Additional information

Funding

This study was conducted as a joint collaboration between Norwegian Institute of Science and Technology (NTNU), Norway, and Hydro Lab Pvt. Ltd, Nepal, under SediPass programme with funding from The Research Council of Norway.

Notes on contributors

Sanat Kumar Karmacharya

Sanat Kumar Karmacharya is a PhD candidate at Department of Civil and Environmental Engineering from Norwegian University of Science and Technology (NTNU). He has more than 10 years of experience in physical hydraulic model studies, sediment sampling and laboratory analyses and field measurements of hydraulic and sedimentological parameters. His main research interests include hydraulic modelling, sedimentation, hydraulic structures and hydrology.

Nils Ruther

Nils Ruther is a Professor at Department of Civil and Environmental Engineering from Norwegian University of Science and Technology (NTNU). He has over 15 years’ experience in the field of hydraulic and sediment transport engineering His research interests are mainly within the fields of numerical modelling of sediment transport, fluvial hydraulics, environmental river mechanics, basic sediment transport, ecohydraulics and hydraulic structures. He has also been contributing to advancements in measurement technology for sediment transport quantification in fluvial environment.

Jochen Aberle

Jochen Aberle is a Professor at Leichtweiß-Institut für Wasserbau, Technische Universität Braunschweig, Germany, and has also 20% involvement as a Professor at Department of Civil and Environmental Engineering from Norwegian University of Science and Technology (NTNU).
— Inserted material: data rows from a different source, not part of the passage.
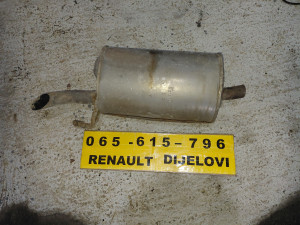 Renault Reno Clio 2 lonac auspuh zadnji 1.5dci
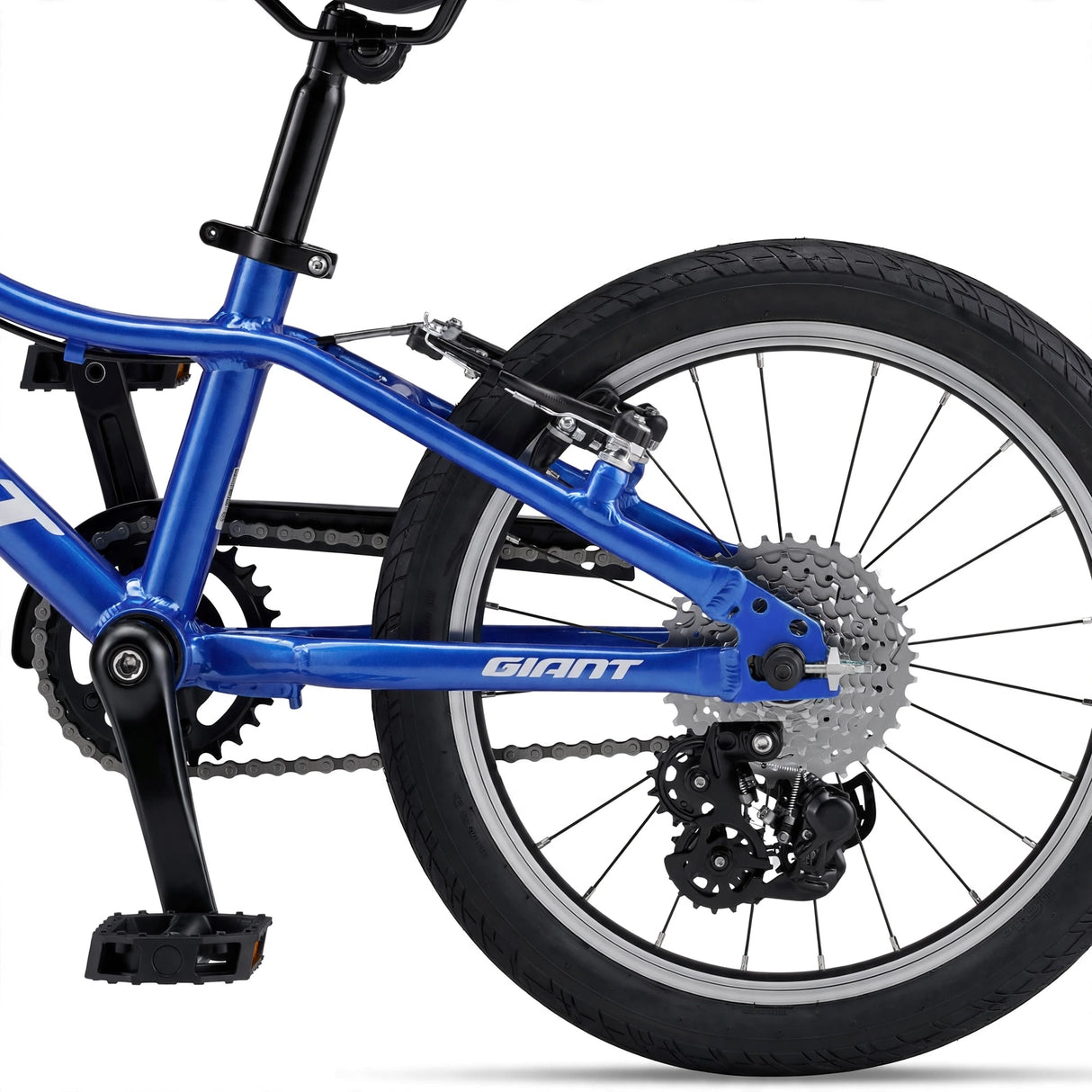 Ultralätt barncykel GIANT ARX 16, Cobalt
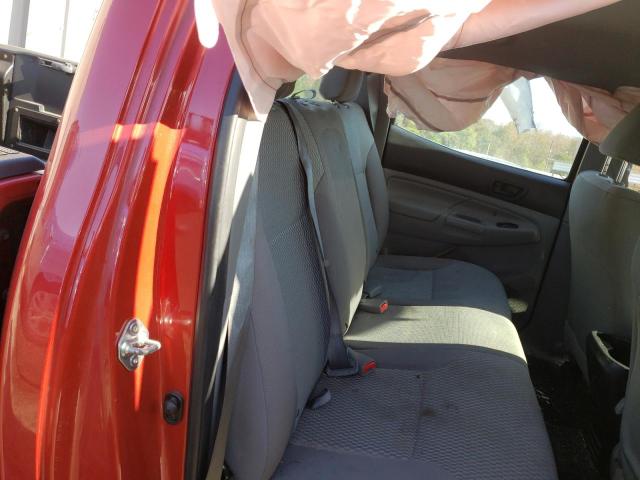 5TFJX4GN8FX044319 - 2015 TOYOTA TACOMA DOUBLE CAB PRERUNNER RED photo 6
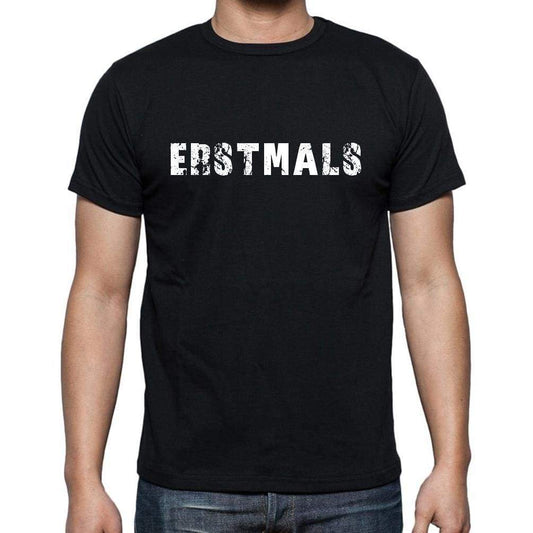 Erstmals Mens Short Sleeve Round Neck T-Shirt - Casual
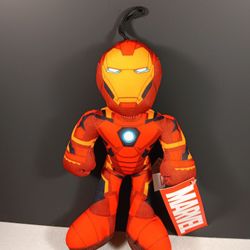 Marvel Endgame Iron Man 8" Stuffed Animal Plush Doll Toy Superhero Avengers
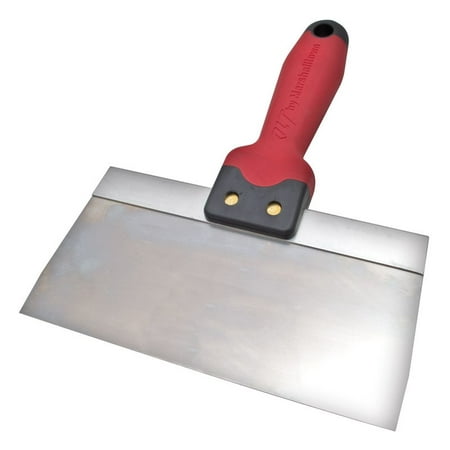 - Marshalltown Trowel 19036 Drywall Taping Knife, Stainless Steel Blade, 8-In. - Quantity 1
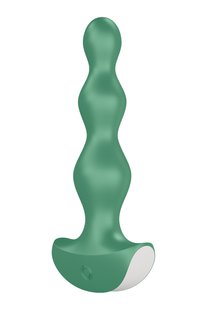 Анальна пробка з вібрацією Satisfyer Lolli-Plug 2 green - картинка 1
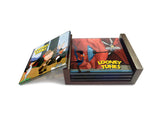 Looney Tunes™ (Classic Toons) StarFire Prints™ Glass Coaster Set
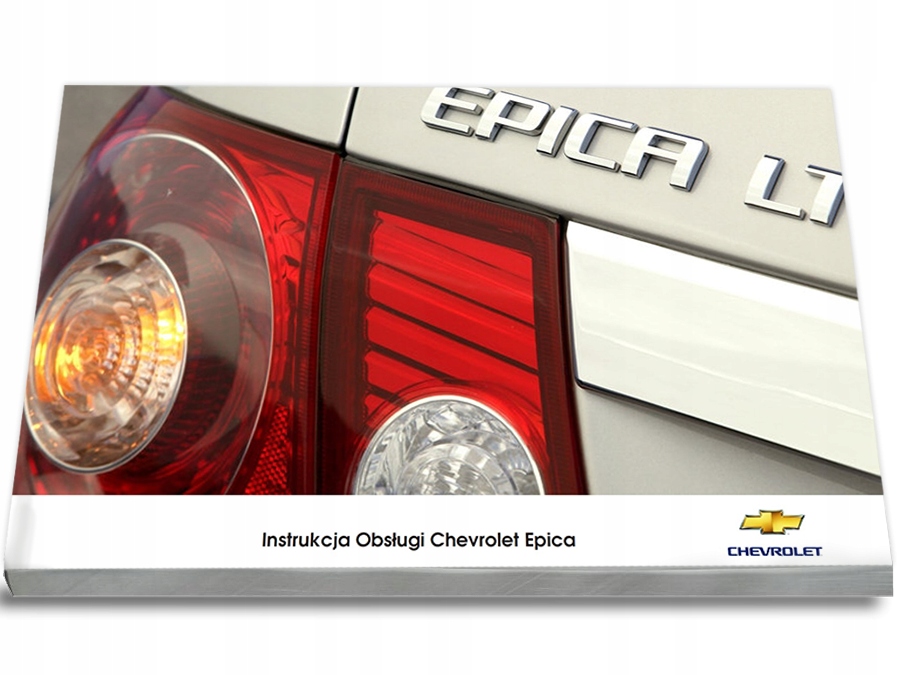 Chevrolet Epica 06-11 +Nawigacja Instrukcja Obsług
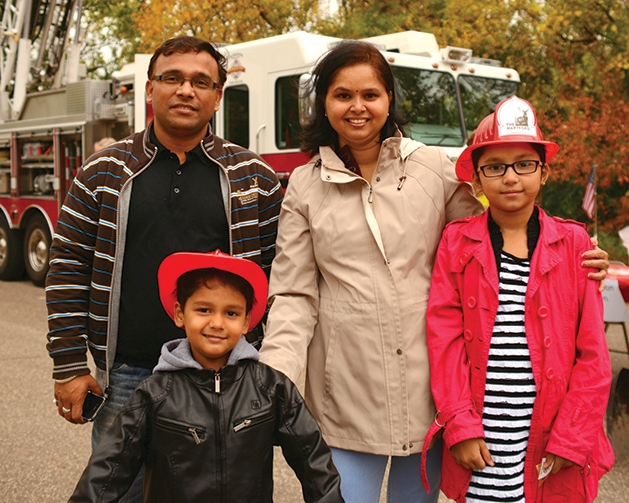 Ram, Vayun, Yashasvi and Varsha Singh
His main research includes scale model studies, experimental methods and instrumentation, flow–sediment–vegetation interaction, bed stability and sediment transport, and turbulent flow field over rough surfaces.

Sudhir Man Shrestha

Sudhir Man Shrestha earned a Master’s degree in Hydropower Development from Norwegian University of Science and Technology (NTNU) in 2019. He is interested in scale models, hydraulic structures related to hydropower and sedimentation studies. He was involved in this study as a part of his Master’s thesis.

Meg Bahadur Bishwakarma

Meg Bahadur Bishwakarma is the General Manager of Hydro Lab Pvt Ltd, Nepal. He has above 25 years of experience in planning, design, construction supervision, contract management/administration and the environmental mitigation and monitoring of hydro projects. Last 13 years of his work experience involves hydraulic design, physical hydraulic modelling, intensive research on sediment measurement and cost-effective sediment handling including 5 years part time teaching at the Norwegian University of Science and Technology (NTNU).